# Avtex Tv



## robrace (Jun 30, 2005)

Our little Avtex Tv is playing up.It works fine with a DVD or when linked to the satellite receiver.I set it to autotune and it will find anything up to 30 to 40 stations but then comes up no signal even when connected to the Caravan Club aerial.Set it to autotune without the aerial plugged in and of course it doe'snt find any stations.So it must be tuning in.Is it terminal?


----------



## cabby (May 14, 2005)

Contact Avtex on their landline and ask for tech dept, they are very helpful and will guide you along.

cabby


----------



## camallison (Jul 15, 2009)

Is there a "save" facility after the auto scan?

Colin


----------



## dovtrams (Aug 18, 2009)

You say it is fine when linked to sat system but not when plugged into CC system. Probably stating the obvious but have you changed the source of the signal? I have done this myself a couple of times, 'no signal' on the screen and then realise that it is still linked to the wrong source.

Good luck

Dave


----------



## peribro (Sep 6, 2009)

When you say that it finds 30 to 40 stations through the satellite receiver, are these digital freeview channels that it's finding using its (the Avtex) own tuner or satellite channels using the satellite receiver?

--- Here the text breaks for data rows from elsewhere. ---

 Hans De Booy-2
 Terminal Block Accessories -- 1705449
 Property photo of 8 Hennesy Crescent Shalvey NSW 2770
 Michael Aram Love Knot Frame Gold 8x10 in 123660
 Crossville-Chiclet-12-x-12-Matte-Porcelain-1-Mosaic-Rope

If it's freeview channels then have you got a Status aerial that is connected into the satellite receiver? If so, then you need to connect the campsite aerial into the back of your satellite receiver in place of the Status input as presumably the aerial cable to the Avtex is coming via the satellite receiver?

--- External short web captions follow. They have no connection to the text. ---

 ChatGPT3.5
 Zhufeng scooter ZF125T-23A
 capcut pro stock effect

ps maybe the cable or connections on the cable you are using to connect to the campsite is faulty?


----------



## Roger7webster (Oct 10, 2006)

I had a similar problem when it would only tune/receive half the freeview channels from a campsite system
Only cured by reverting to the original factory settings and retuning
Hope this helps


----------



## premiermotorhomes (Feb 13, 2008)

Good afternoon, 

Avtex will be best suited to anyone who requires technical assistance, they can be contacted on 029 2061 0109 option 2.

Regards,
Chris


----------



## robrace (Jun 30, 2005)

*avtex tv*

thanks for all the advice.Brought tv into house and connected to house aerial,found loads of channels but still no service etc.Rang very helpful Avtex service centre who confirmed possible fault and have arranged to send to them!!


----------